AIMS: To investigate the cytoprotective effects of two sesquiterpene aminoquinones isolated from the marine sponge Dysidea fragilis, Dysidaminone H (DA8) and 3'-methylamino-avarone (DA14), we examined their effects against hydrogen peroxide (H2O2)-induced oxidative injury in human keratinocyte cell line and elucidated the underlying mechanisms. MAIN METHODS: Cell viability was detected using a CCK-8 assay kit. Intracellular reactive oxygen species (ROS) production was measured by fluorescence of 2, 7-Dichlorodi-hydrofluorescein diacetate (DCFH-DA). Messenger RNA and protein expression were measured by real-time quantitative PCR and western blotting analysis. Immunocytochemistry was performed to determine the intracellular location of nuclear factorerythroid 2 p45 related factor 2 (Nrf2). The antioxidant response element (ARE)-luciferase reporter gene assay and RNA interference were used to establish the role of ARE and Nrf2. KEY FINDINGS:DA8 and DA14 (DAs) resisted H2O2induced decline of cell viability by inhibiting the accumulation of ROS. Meanwhile, DAs increased HO-1 expression and ARE activity and induced Nrf2 expression, as well as the accumulation of Nrf2 in the cell nucleus. However, silencing of Nrf2 abolished DAs-induced HO-1 expression and ARE luciferase activation.

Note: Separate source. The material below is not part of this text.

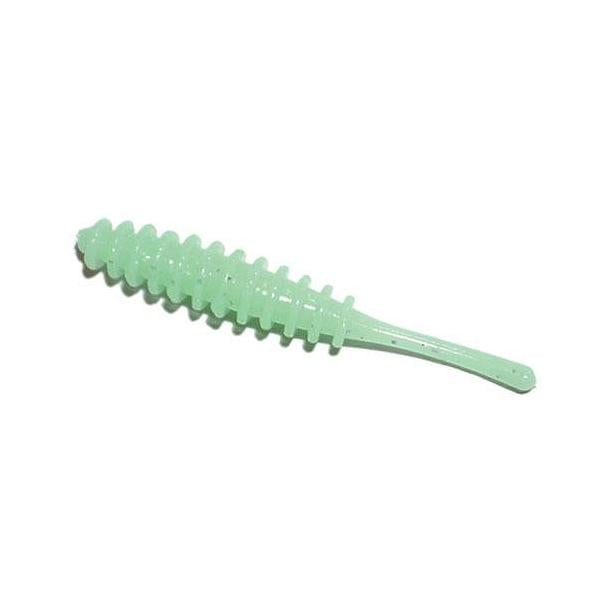 アジリンガー reins 秋の大感謝祭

In addition, DAs induced the phosphorylation of both cyclic AMP-activated protein kinase-α (AMPKα) and extracellular signal-regulated kinase (ERK), while specific inhibitors of AMPKα and ERK abrogated HO1 upregulation and Nrf2 activation. SIGNIFICANCE: DAs provided cytoprotective effects against H2O2-induced cytotoxicity by activation of the Nrf2/ARE/HO-1 pathway via phosphorylation of AMPKα and ERK. The findings suggested that DA8 and DA14 might be the candidate therapeutic agents for skin diseases caused by oxidative injury.